ST. CLAIRSVILLE - New Ohio Rep. Joshua O'Farrell was formally introduced Wednesday in Belmont County, his first public appearance in the county since taking his seat earlier this month in the wake of former Ohio Rep. Allan Sayre's resignation from the 96th District position.
The New Philadelphia native was appointed to fill Sayre's unexpired term and was sworn into office during the first week of June.
Sayre resigned from his post in the Ohio House last month to take a job as deputy auditor for Tuscarawas County.
A 2000 graduate of New Philadelphia High School, O'Farrell went on to study at Notre Dame. After completing his undergraduate studies in 2004, he worked as a tennis pro in Oklahoma before moving to North Carolina to study law at Wake Forest. He graduated from law school last month, just days after Sayre announced his resignation.
O'Farrell, 28, son of Tuscarawas County Common Pleas Court Judge Edward O'Farrell, was appointed by the Ohio House Democratic Caucus to fill Sayre's seat. Five candidates were interviewed for the House vacancy, including O'Farrell, former Belmont County Commissioner Mark Thomas and Harrison County Commissioner Barbara Pincola.
In November, O'Farrell will now face Republican nominee Alan Landis of New Philadelphia in the general election.
The new state representative said that although his education and work had brought him to other states throughout the country, he has been eager to get back to his roots.
"I've always intended to return to Ohio," said O'Farrell. "I'm proud to be from this area. I've always considered this to be home. Now I have an opportunity to give something back to the people who have helped and supported me."
O'Farrell and his wife, Christin, have a young son, Liam, who he said has an opportunity to grow up in a "wonderful area."
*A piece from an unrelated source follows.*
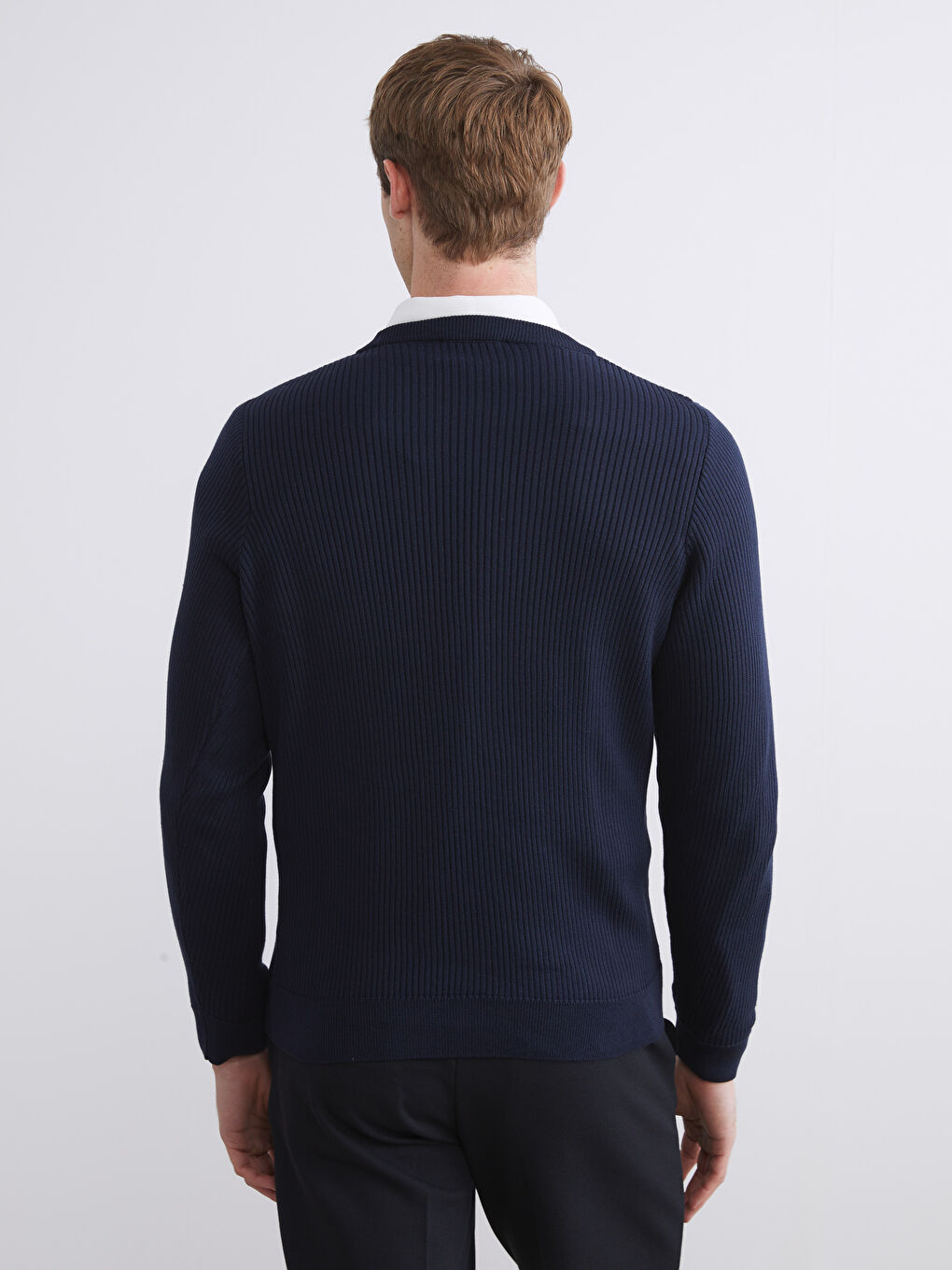 Мужской трикотажный свитер с круглым вырезом и длинными рукавами-3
The 96th district includes all of the western portion of Belmont County, all of Harrison County and much of Tuscarawas County.
O'Farrell said he planned to work as an advocate for the counties he represents in the 96th District.
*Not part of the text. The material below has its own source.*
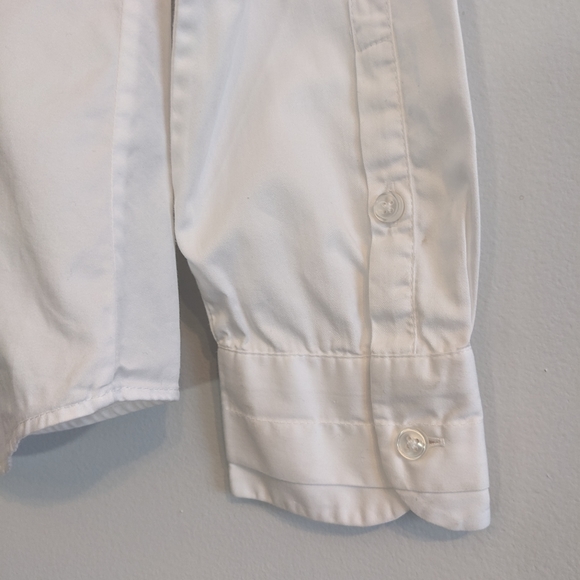 RW&CO. Button Down Dress Shirt, Pleat Details, White, Size M - Picture 4 of 12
"I need your help to do that," he told board members and the group assembled during Wednesday's Belmont County Commissioners' meeting. "I'm looking forward to a strong and healthy working relationship with the people of this county.
"Obviously, there's much to be done. This is a difficult time, but hard work is emblematic of the people who live in this area, and with hard work, I have no doubt we can achieve our goals."
In other action Wednesday, the commissioners opened one bid that was submitted for shower and plumbing renovations at the Sargus Juvenile Center. H.E. Neumann Co. of Wheeling submitted the only bid in the amount of $69,220. The bid was turned over to project manager Marshall Piccin for review and recommendation.
Piccin said the estimate for the project was around $50,000, adding that officials would explore why the bid was considerably higher than the estimate.
Also Wednesday, the board:
- approved the city of Martins Ferry's application for the use of Municipal Street Fund/Vehicle License Tax in the amount of $54,390 for the purpose of paving Washington Street from Zane Highway to Grant. The total estimated cost of the project is $55,680.
- entered into a renewal agreement with the Community Action Commission of Belmont County on behalf of the county's Department of Job and Family Services for the Ohio Family & Children First Council's Help Me Grow Program for the early intervention (Part C) component. The board also voted to extend the contracts through June 30, 2011, which will allow for the expenditure of $191,938 in Part C funding through that date. Commissioners also renewed the CAC contract for the Help Me Grow Program's early start component through June 30, 2011 in the maximum amount of $207,755.
Help Me Grow is a collaborative and integrated system of services and supports to help families create an environment conducive to growth and development of young children, thereby enhancing a child's ability to learn, reducing incidences of child abuse and neglect and supporting parents efforts to achieve self-sufficiency.